#### [Task item]
The lines below may contain the word "winter". Please count those that do and give the number alone.

━━━━━━

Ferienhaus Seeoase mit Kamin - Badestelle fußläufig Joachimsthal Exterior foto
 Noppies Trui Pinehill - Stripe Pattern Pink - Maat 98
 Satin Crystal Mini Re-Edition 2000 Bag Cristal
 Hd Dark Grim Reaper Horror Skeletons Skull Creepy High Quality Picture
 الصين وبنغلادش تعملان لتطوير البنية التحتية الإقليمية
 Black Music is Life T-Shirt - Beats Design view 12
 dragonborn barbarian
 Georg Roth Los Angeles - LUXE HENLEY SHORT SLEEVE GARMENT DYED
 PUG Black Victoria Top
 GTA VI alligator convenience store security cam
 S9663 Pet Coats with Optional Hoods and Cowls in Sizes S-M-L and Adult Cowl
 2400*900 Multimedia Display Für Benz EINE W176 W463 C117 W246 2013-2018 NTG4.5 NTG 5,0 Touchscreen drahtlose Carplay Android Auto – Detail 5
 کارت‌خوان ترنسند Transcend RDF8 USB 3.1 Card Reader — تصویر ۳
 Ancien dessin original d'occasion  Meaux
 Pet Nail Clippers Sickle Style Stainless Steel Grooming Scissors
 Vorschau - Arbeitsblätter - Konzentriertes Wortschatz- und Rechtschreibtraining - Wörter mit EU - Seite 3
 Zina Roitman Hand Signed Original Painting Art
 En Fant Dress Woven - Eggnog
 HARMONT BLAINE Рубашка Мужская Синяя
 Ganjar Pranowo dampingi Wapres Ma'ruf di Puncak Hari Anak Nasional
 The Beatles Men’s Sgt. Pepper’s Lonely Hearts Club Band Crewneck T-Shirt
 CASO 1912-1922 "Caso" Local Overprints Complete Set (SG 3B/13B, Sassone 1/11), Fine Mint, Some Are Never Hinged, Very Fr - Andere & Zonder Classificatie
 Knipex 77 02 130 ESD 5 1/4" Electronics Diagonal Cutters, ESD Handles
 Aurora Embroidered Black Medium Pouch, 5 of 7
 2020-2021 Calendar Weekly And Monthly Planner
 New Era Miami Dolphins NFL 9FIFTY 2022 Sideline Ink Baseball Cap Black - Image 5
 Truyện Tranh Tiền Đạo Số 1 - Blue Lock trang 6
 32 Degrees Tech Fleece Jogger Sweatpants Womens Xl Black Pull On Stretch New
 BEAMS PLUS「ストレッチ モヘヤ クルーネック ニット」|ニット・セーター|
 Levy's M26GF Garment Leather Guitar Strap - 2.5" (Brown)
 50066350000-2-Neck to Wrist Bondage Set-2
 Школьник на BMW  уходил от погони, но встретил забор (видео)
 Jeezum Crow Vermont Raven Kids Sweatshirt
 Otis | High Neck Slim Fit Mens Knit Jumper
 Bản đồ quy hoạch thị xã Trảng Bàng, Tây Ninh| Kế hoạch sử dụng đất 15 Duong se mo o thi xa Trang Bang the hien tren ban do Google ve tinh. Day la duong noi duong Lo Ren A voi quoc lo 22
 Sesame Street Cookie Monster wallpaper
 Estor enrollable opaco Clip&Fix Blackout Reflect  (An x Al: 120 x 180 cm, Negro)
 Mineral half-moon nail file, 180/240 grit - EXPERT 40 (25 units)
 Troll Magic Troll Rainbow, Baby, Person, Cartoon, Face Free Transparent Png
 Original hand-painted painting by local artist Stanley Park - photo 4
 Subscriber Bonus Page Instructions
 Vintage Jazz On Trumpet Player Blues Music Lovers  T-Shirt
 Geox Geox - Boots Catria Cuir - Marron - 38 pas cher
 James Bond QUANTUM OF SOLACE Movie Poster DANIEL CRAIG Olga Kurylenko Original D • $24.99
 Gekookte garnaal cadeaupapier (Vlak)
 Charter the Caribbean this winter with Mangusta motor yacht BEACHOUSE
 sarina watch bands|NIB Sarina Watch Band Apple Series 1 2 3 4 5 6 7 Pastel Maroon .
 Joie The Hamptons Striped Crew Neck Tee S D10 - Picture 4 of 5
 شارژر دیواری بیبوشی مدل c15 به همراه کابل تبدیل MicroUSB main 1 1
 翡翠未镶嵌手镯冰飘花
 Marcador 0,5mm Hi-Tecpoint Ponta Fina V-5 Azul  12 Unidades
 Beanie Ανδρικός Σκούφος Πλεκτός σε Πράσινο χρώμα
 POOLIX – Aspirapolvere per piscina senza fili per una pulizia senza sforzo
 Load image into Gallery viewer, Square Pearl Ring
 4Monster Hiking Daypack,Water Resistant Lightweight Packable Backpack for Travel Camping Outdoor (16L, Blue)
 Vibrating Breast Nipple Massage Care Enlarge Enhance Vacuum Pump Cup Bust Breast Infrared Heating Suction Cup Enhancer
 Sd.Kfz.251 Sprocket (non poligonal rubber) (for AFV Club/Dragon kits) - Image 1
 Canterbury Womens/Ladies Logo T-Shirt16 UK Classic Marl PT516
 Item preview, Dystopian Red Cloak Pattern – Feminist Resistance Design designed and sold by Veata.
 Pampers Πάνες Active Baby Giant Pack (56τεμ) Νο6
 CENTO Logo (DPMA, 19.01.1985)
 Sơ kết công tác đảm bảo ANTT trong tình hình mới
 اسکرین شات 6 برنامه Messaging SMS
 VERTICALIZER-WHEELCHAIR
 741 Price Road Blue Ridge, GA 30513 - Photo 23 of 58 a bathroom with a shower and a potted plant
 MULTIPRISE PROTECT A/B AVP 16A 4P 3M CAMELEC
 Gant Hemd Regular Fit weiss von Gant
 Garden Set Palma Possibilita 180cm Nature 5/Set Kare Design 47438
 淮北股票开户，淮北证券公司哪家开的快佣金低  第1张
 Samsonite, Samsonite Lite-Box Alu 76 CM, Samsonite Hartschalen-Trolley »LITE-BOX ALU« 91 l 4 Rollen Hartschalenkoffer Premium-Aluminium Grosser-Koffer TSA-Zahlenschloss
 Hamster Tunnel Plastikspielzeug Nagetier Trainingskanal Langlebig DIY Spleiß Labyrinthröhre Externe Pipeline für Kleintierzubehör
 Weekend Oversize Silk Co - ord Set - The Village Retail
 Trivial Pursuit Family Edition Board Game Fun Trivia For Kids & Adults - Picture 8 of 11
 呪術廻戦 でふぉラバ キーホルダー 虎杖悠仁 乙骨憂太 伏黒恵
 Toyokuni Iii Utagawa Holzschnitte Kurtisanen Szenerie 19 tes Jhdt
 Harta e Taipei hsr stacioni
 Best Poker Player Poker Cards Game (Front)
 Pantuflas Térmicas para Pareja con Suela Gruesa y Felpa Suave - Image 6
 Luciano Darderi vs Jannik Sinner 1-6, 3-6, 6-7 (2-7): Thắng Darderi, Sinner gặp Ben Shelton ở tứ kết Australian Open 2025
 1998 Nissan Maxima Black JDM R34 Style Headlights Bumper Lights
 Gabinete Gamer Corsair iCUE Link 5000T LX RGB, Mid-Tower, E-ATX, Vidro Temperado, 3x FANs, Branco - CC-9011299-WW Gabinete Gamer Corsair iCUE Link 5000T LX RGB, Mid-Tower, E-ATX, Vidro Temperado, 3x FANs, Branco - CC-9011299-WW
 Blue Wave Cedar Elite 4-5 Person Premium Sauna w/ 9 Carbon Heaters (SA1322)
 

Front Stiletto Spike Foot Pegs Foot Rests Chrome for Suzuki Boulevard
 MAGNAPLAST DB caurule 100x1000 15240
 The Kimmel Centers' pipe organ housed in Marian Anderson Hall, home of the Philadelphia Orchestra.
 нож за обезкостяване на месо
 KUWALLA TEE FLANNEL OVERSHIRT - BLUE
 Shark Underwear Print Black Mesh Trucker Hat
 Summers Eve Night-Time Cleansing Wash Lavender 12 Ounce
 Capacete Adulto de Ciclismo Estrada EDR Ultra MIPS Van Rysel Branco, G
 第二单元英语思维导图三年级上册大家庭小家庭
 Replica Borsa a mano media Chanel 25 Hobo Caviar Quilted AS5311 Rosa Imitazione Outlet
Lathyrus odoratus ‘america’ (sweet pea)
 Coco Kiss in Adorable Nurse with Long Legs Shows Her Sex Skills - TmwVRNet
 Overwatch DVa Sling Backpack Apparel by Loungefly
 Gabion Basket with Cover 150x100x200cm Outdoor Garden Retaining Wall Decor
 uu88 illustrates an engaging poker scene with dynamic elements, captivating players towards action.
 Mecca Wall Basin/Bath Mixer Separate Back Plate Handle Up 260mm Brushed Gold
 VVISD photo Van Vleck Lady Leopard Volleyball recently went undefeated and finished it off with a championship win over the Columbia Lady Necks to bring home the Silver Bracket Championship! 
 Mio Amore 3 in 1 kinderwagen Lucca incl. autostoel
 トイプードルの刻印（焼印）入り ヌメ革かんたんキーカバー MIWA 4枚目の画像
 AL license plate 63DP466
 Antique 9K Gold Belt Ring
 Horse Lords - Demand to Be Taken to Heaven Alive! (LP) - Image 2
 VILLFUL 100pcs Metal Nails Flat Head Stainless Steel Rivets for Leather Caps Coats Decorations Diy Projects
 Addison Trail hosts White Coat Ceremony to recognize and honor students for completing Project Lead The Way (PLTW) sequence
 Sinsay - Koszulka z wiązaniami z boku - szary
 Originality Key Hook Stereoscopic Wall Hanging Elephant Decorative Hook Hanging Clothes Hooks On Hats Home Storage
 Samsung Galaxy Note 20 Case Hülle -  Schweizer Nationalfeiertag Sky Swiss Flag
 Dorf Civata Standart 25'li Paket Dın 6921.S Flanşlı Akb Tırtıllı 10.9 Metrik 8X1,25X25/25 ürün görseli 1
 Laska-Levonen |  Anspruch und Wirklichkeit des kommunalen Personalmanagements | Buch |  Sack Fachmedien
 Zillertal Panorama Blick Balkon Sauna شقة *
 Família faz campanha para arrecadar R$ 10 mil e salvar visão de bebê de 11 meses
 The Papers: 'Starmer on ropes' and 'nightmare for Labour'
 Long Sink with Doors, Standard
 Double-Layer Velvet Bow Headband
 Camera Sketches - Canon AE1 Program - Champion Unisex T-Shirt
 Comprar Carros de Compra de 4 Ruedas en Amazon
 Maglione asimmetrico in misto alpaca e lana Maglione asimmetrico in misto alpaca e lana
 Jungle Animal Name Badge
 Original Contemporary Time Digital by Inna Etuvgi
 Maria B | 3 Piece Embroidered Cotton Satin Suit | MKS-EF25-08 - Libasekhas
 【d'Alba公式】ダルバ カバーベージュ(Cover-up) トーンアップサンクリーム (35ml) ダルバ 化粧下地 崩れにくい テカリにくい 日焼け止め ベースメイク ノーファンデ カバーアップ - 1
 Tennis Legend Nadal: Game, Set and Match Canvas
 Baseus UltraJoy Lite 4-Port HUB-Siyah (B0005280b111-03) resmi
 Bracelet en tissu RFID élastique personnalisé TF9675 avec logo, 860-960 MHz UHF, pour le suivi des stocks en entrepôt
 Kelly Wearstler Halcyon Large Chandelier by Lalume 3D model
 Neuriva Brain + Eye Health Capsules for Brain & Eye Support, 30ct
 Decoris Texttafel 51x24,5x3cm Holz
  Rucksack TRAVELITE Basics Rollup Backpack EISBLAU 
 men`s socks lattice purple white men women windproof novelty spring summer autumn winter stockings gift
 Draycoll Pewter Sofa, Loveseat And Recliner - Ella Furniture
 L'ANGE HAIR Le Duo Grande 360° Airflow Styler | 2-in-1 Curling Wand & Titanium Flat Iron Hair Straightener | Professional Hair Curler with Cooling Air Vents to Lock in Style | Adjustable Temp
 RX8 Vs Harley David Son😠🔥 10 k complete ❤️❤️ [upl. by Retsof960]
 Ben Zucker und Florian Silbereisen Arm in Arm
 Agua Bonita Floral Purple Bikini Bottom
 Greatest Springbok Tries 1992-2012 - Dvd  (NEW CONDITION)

━━━━━━

#### [Written solution]
2